> **Aim of the exercise**: Please output the section of the listing below that opens with the line containing "Yellow COMFORSKIN, Новое" and closes with the line containing "Blusa Donna con Volants Svasata", exactly and with nothing else.

> **Data provided**:
===

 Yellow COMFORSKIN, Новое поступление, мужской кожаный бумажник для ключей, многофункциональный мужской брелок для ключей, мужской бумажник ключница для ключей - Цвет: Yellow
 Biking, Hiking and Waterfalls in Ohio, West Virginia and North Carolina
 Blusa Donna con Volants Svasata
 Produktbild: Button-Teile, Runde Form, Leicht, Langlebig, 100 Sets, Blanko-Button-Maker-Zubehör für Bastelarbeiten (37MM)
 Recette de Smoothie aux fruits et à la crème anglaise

===

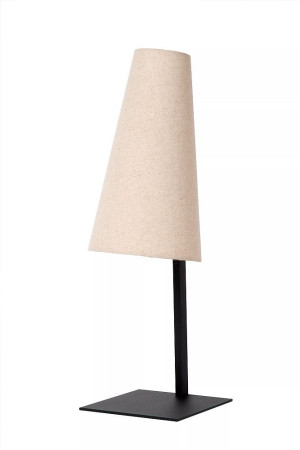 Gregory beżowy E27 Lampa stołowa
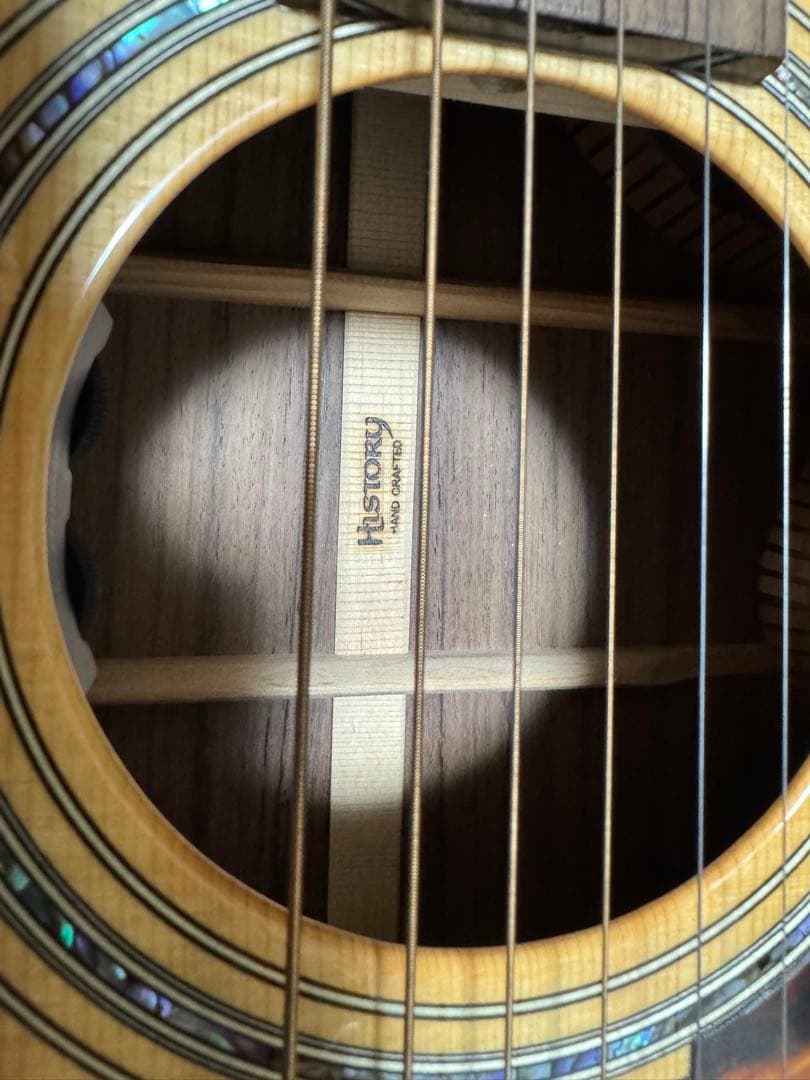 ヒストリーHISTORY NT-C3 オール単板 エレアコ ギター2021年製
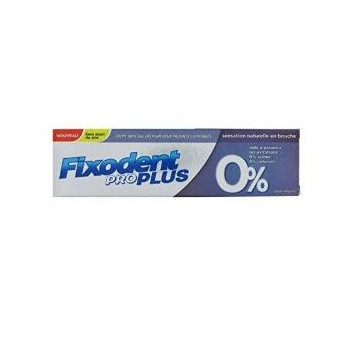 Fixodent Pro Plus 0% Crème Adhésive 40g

===

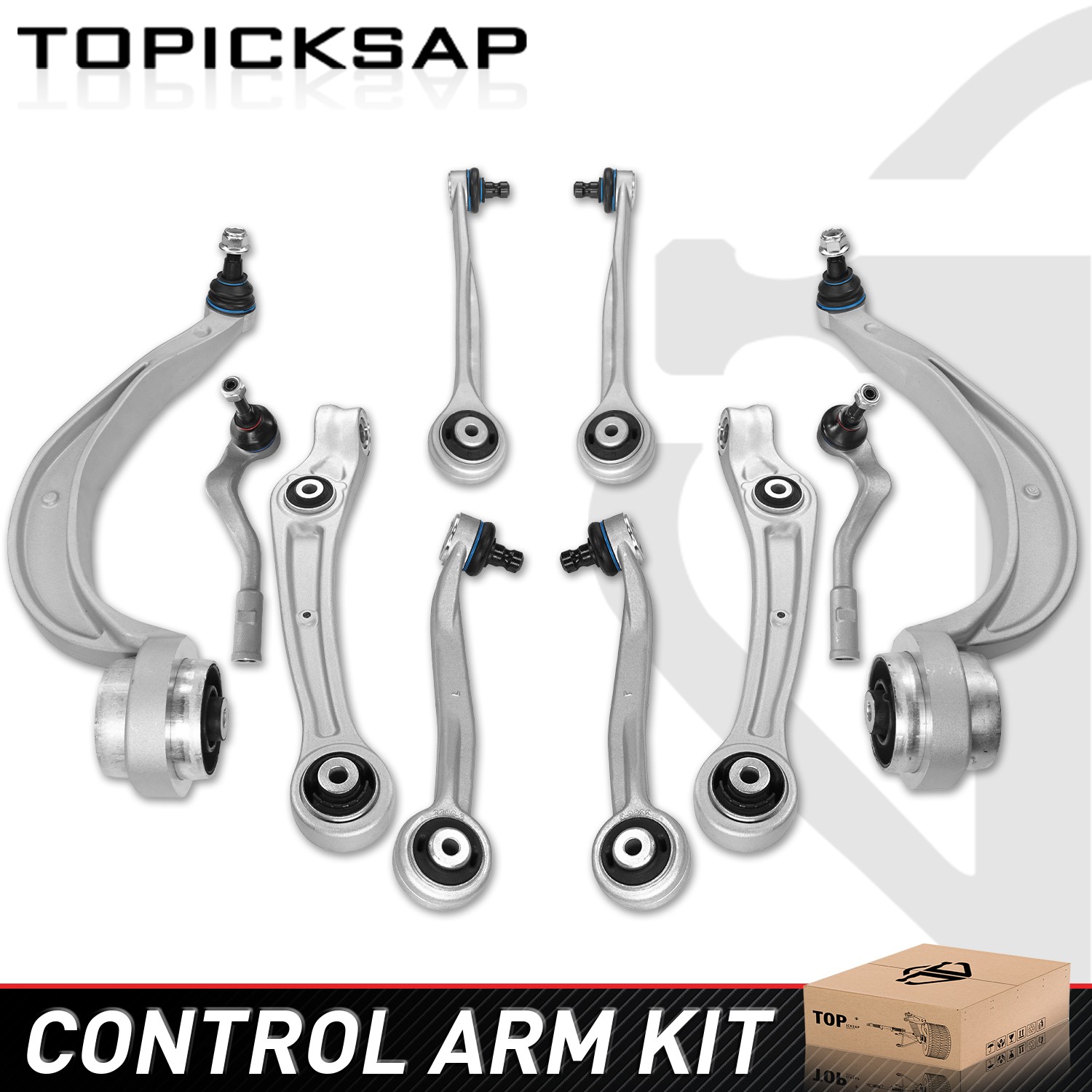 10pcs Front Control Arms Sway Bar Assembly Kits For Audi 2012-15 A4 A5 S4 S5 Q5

===

> **Result for this task**:
 Yellow COMFORSKIN, Новое поступление, мужской кожаный бумажник для ключей, многофункциональный мужской брелок для ключей, мужской бумажник ключница для ключей - Цвет: Yellow
 Biking, Hiking and Waterfalls in Ohio, West Virginia and North Carolina
 Blusa Donna con Volants Svasata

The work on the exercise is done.